Gold is currently trading at around $1,798 a troy ounce, a small gain of around
1.6% over the month.
On
the foreign exchanges, sterling closed the month at $1.32 against the US
dollar. The euro closed at €1.17 against sterling and at $1.13 against the US
dollar.
Index | Value (30/11/21) | Arrow up or down | Movement since 29/10/21 |
FTSE 100 | 7,059.45 | down | 2.46% |
FTSE 250 | 22,519.72 | down | 2.54% |
FTSE AIM | 1,187.56 | down | 2.91% |
Euro Stoxx 50 | 4,063.06 | down | 4.41% |
NASDAQ Composite | 15,537.69 | up | 0.25% |
Dow Jones | 34,483.72 | down | 3.73% |
Nikkei 225 | 27,821.76 | down | 3.71% |
Jobs
market withstands furlough end
The latest set of employment
statistics suggests the demise of furlough has done little to dent the strong
labour market recovery that has been evident over recent months.
Figures
published last month by ONS showed demand for staff remains high, with the
number of job vacancies rising to another record level. In total, there were
just under 1.2 million vacancies advertised in the three months to October,
nearly 400,000 more than before the onset of the pandemic.
The data
also revealed there were 160,000 more workers on company payrolls in October
than September; this latest rise means the overall number of employees is now
significantly higher than pre-pandemic levels.

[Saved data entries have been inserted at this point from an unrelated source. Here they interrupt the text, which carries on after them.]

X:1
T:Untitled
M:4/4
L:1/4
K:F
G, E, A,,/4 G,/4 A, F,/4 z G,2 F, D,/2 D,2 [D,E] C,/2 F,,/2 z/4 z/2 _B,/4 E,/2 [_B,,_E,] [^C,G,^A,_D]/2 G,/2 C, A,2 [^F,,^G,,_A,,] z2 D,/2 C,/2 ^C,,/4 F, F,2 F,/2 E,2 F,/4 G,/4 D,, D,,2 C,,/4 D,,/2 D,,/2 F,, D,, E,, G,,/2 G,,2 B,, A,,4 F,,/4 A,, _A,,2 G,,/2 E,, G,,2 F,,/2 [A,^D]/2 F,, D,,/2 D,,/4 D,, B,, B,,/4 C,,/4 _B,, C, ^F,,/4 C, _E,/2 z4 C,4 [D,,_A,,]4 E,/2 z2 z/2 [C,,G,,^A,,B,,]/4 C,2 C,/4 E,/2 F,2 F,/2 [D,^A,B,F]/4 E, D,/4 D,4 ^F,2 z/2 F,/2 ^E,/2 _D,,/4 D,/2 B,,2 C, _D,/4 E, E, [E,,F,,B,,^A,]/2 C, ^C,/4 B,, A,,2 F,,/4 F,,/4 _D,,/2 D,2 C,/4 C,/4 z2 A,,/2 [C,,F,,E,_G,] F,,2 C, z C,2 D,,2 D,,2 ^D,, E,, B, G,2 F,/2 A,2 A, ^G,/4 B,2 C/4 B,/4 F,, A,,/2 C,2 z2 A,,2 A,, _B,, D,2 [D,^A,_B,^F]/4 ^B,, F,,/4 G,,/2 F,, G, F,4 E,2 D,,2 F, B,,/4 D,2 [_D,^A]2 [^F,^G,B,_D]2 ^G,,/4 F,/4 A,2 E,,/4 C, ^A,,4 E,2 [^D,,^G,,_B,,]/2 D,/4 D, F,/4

Interestingly, the redundancy
rate was reported as largely unchanged despite withdrawal of the government’s
furlough scheme on 30 September.
Commenting
on the figures, ONS Head of Economic Statistics Sam Beckett said, “It might
take a few months to see the full impact of furlough coming to an end. However,
October’s early estimate shows the number of people on the payroll rose
strongly on the month and stands well above its pre-pandemic level. And
businesses tell us that only a very small proportion of their previously
furloughed staff have been laid off.”
Retailers
enjoy early Christmas lift
An early Christmas
spending spree provided retailers with a significant boost in October, while
survey evidence suggests sales growth looks set to continue into the festive
period.
According
to the latest ONS data, retail sales volumes rose by 0.8% in October to end a
run of five successive months with no growth at all. The increase, which beat
analysts’ expectations, was focused on the non-food store sector, including clothing
and toy sales. ONS noted that some retailers felt “early Christmas trading
had boosted sales.”
The
latest Distributive Trades Survey from the CBI suggests this trend continued
last month with the net balance of retailers reporting sales growth rising from
+30 in October to +39 in November; this represents the strongest pre-Christmas
reading since 2015. Furthermore, retailers said they expect sales to remain
above seasonal norms in December as well.
CBI
Principal Economist Ben Jones commented, “Christmas seems to have come early
for retailers, with clothing and department stores in particular seeing a big
upward swing in sales volumes. It seems likely that reports of supply chain
disruptions prompted consumers to start their Christmas shopping early.
Overall, retailers are becoming more optimistic.”